[Data provided — start]

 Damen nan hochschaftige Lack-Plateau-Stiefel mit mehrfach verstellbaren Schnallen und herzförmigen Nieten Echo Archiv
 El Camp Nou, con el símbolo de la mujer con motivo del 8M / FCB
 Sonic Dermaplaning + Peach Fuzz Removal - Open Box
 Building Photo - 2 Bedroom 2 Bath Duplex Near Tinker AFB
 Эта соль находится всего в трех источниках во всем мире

[Data provided — finish]
[Data provided — start]

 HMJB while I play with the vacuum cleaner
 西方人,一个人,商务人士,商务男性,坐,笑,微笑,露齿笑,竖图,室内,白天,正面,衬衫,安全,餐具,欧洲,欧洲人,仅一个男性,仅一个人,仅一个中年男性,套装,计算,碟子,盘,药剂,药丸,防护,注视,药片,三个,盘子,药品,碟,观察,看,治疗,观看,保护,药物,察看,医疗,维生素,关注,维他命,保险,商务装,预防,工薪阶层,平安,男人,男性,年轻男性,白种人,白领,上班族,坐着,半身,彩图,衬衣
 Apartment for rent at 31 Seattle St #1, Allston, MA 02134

[Data provided — finish]

Starting at the line above that contains "Sonic Dermaplaning +", repeat each line exactly up to and including the line that contains "Эта соль находится", and stop there.

 Sonic Dermaplaning + Peach Fuzz Removal - Open Box
 Building Photo - 2 Bedroom 2 Bath Duplex Near Tinker AFB
 Эта соль находится всего в трех источниках во всем мире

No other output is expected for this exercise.